I would like to be part of what brings both sides of this conflict together. I believe it can be done. Not through the politics that have failed for nearly a decade. Not through the international mechanisms that have left Cameroon as the most neglected crisis on the planet. But through something that both sides already possess and that no military force can confiscate: their stories.
Media sovereignty is not just an economic tool. It is a bridge. When communities own their narratives—when they control the means of production, distribution, and monetization of their own stories—something shifts at the identity level. The need to be heard, which has been weaponized in this conflict on both sides, finds a legitimate, sustainable, non-violent outlet. That is not naive optimism. That is architectural logic. And it is the same logic I detailed in The Sovereign Blueprint.
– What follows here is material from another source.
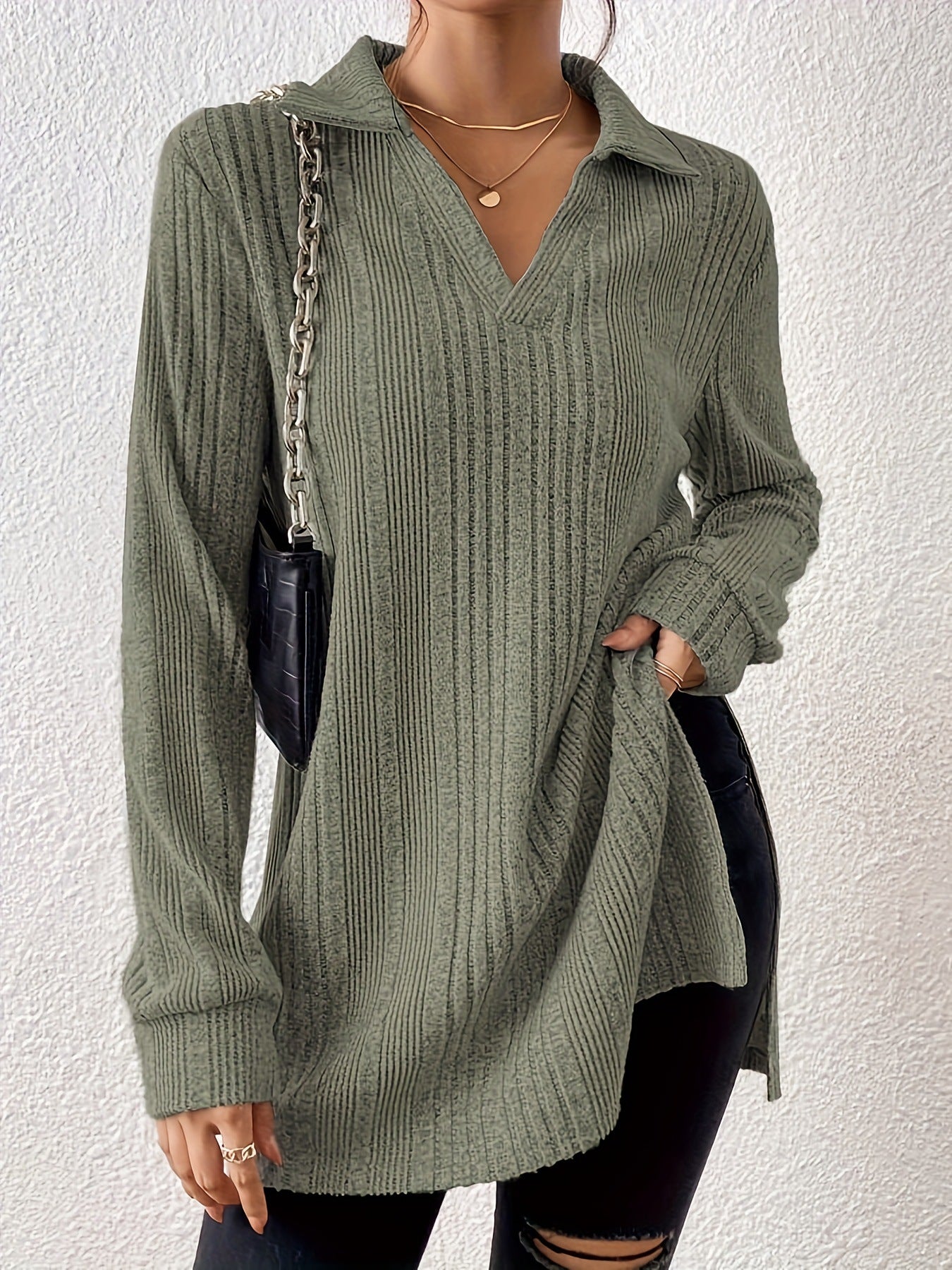 Dam Långärmad T-shirt Löst Passform Bomull Polo-krage-1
There is a path to peace, prosperity, and healing in this land. I believe that with everything in me.
And I believe something even bigger: as Africa rises, the world will rise with it.
That is not a slogan. It is an economic thesis, a spiritual conviction, and, as of three days ago, a lived experience.
I am here. The tremors are quiet. The food is medicine. The people are extraordinary. And the work has begun.